Оксанка только глаза таращила. Винегрет, сиречь салат с вареной свеклой, она готовить наотрез отказалась, не веря, что это съедобно. Пришлось Натке самой поставить вариться свеклу, морковку и картошку, резать соленые огурцы и моченое яблоко, да за кислой капустой в бочку лезть. Для соуса смешала дорогущее подсолнечное масло, не менее дорогую горчицу и практически бесплатный яблочный уксус. Ключевая фраза «это для альва» открыла для меня дверцы всех шкафчиков.
– Долго как, – бурчала Оксана, помешивая супчик. – И дорого.
– Зато, если альв оценит, потом на поток поставишь и будешь как «красный альвийский салат» выставлять. Точно говорю, это вкусно. Народу понравится.
Оксана сомневалась, но благоразумно молчала. Натка несколько дней назад рассказывала деткам про силу слов – дескать, еда, приготовленная без матюков, всегда вкуснее и здоровее. А если ласково с ней разговаривать, то еще и портится медленнее. Коровам же включали Моцарта для повышения надоев, и свиньям создавали позитивную атмосферу, чтобы мясо вкуснее было.
Славики не впечатлились, заявив, что в ее теории – кто веселее, того и доят, хорошо еще, если только доят, а не сразу под нож. А вот услышавшая ее слова Оксана задумалась и внезапно прекратила отчаянно ругаться в кухне.
Винегрет был потрясающе красивым.

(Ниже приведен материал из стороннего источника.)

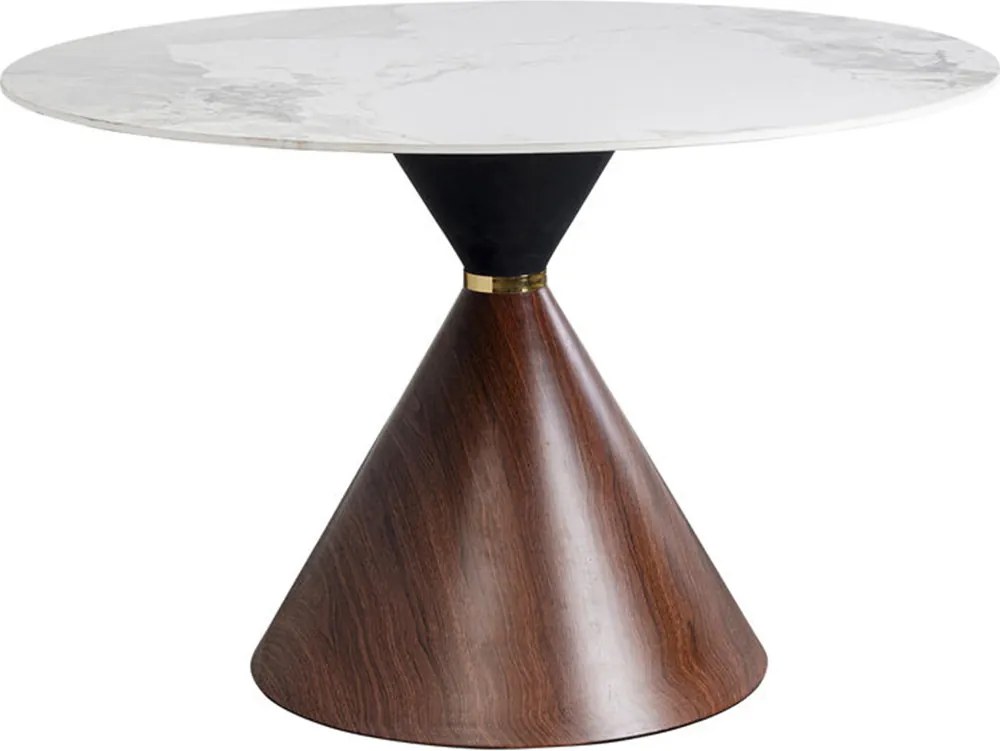 Ronde Eettafel Marmerlook 120 - 120 X 120cm.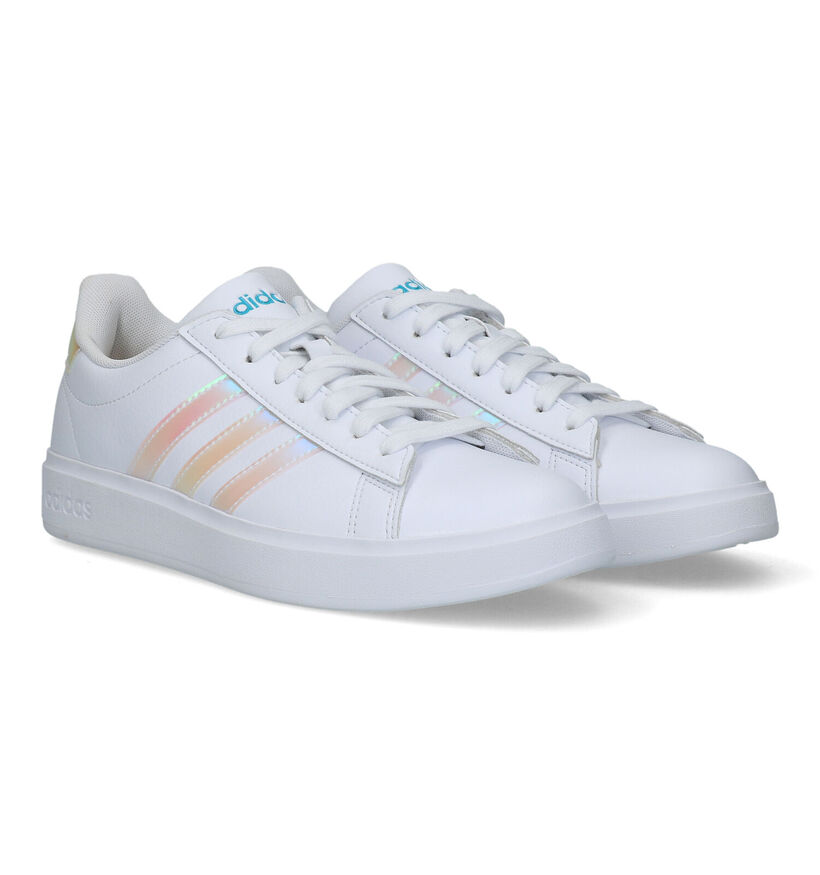 adidas Grand Court 2.0 Baskets sportives en Blanc pour femmes (356989) - pour semelles orthopédiques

На фарфоровой тарелке, да украшенный помидорами, тонкими ломтиками соленых огурцов и свежей зеленью с окна, такой весь багрово-розово-желтый, яркий, ароматный.
– Выглядит крайне опасно, – заметила Оксана. – Ядовито.
Но попробовала, правда, уже после того, как Натка целую тарелку с причмокиваниями умяла. Глаза закатила, заахала и сама альву потащила новое лакомство. Вернулась на кухню, тяжело дыша.
– Вроде ест. Авось, не помрет.
– Я же не померла, – резонно возразила Ната.
– Ты привыкшая. А альвы – существа нежные, хрупкие, возвышенные!
После такого описания Натка никак не могла в зал не выйти. Очень уж захотелось на настоящего эльфа посмотреть. На вид представитель невиданной доселе расы человекообразных не показался прям уж сказочным. Мужчина, тут сомнений нет. Красивый, изящный мужчина, росту высокого, фигуры худощавой. Волосы длинные, белые, в хвост завязанные. Натка всегда по длинноволосым млела, даже на Егора, паразита этого, чтоб ему там в другом мире икалось, запала потому, что он патлатый был. Косил под металлиста, весь такой брутальный, в коже и высоких ботинках. Красивый был парень, ничего не скажешь.
Альв тоже был красивый и какой-то интеллигентный, что ли. Натка уже и забыла, что бывают такие мужчины, которые умеют пользоваться вилкой и салфеткой, не сморкаются на пол, не вытирают рот рукавом. И эти его манеры были даже привлекательнее, чем внешность. Зацепил ее парень, короче. Захотелось расспросить его, что за мир здесь такой, кто он сам по жизни. Но к такому так запросто не подойти, да и кто Натка, а кто он?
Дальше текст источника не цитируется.